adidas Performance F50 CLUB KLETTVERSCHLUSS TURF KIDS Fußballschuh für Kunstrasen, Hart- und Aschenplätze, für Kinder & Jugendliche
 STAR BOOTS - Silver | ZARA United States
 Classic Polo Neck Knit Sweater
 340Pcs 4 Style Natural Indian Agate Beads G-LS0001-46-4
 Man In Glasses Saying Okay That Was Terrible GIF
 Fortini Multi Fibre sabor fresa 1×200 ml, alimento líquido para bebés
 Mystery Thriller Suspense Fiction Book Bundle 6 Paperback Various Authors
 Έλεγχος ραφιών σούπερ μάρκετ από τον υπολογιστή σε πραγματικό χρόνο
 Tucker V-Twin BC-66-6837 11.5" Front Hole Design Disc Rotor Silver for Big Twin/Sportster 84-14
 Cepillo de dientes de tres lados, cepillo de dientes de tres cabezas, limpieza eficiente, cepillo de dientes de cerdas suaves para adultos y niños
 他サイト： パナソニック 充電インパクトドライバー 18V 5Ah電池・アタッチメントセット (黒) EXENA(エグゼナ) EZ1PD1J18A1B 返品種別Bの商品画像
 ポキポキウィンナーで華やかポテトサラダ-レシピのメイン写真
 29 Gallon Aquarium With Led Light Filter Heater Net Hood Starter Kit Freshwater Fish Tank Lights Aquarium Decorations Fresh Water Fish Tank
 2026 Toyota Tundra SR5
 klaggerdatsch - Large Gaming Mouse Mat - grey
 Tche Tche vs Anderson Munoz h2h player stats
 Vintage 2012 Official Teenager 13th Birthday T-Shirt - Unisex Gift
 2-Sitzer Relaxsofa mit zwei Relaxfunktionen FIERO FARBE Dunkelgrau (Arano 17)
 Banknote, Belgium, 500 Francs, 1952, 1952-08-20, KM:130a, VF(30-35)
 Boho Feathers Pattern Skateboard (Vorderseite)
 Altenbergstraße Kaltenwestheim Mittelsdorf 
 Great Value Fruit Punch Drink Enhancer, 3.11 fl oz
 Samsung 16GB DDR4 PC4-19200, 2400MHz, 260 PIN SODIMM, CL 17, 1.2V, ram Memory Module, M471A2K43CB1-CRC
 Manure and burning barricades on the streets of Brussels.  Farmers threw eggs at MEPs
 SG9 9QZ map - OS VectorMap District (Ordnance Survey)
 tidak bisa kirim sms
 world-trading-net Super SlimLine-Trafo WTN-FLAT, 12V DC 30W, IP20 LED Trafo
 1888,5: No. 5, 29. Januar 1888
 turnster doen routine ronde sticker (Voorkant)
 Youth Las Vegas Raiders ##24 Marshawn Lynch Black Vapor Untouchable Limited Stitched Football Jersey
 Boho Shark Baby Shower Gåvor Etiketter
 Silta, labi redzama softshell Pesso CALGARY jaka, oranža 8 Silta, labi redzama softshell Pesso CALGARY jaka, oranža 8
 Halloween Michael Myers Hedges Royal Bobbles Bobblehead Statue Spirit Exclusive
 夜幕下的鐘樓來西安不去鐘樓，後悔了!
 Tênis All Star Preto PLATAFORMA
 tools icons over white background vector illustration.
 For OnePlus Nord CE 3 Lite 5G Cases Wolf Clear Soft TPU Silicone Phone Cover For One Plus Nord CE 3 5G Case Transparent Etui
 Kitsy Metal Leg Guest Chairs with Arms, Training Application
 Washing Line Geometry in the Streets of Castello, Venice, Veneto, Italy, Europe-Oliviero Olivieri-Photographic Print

- - - - - - -

Within the material above, extract exactly the lines that start at the line containing "tidak bisa kirim sms" and stop after the line containing "For OnePlus Nord", and only those.

 tidak bisa kirim sms
 world-trading-net Super SlimLine-Trafo WTN-FLAT, 12V DC 30W, IP20 LED Trafo
 1888,5: No. 5, 29. Januar 1888
 turnster doen routine ronde sticker (Voorkant)
 Youth Las Vegas Raiders ##24 Marshawn Lynch Black Vapor Untouchable Limited Stitched Football Jersey
 Boho Shark Baby Shower Gåvor Etiketter
 Silta, labi redzama softshell Pesso CALGARY jaka, oranža 8 Silta, labi redzama softshell Pesso CALGARY jaka, oranža 8
 Halloween Michael Myers Hedges Royal Bobbles Bobblehead Statue Spirit Exclusive
 夜幕下的鐘樓來西安不去鐘樓，後悔了!
 Tênis All Star Preto PLATAFORMA
 tools icons over white background vector illustration.
 For OnePlus Nord CE 3 Lite 5G Cases Wolf Clear Soft TPU Silicone Phone Cover For One Plus Nord CE 3 5G Case Transparent Etui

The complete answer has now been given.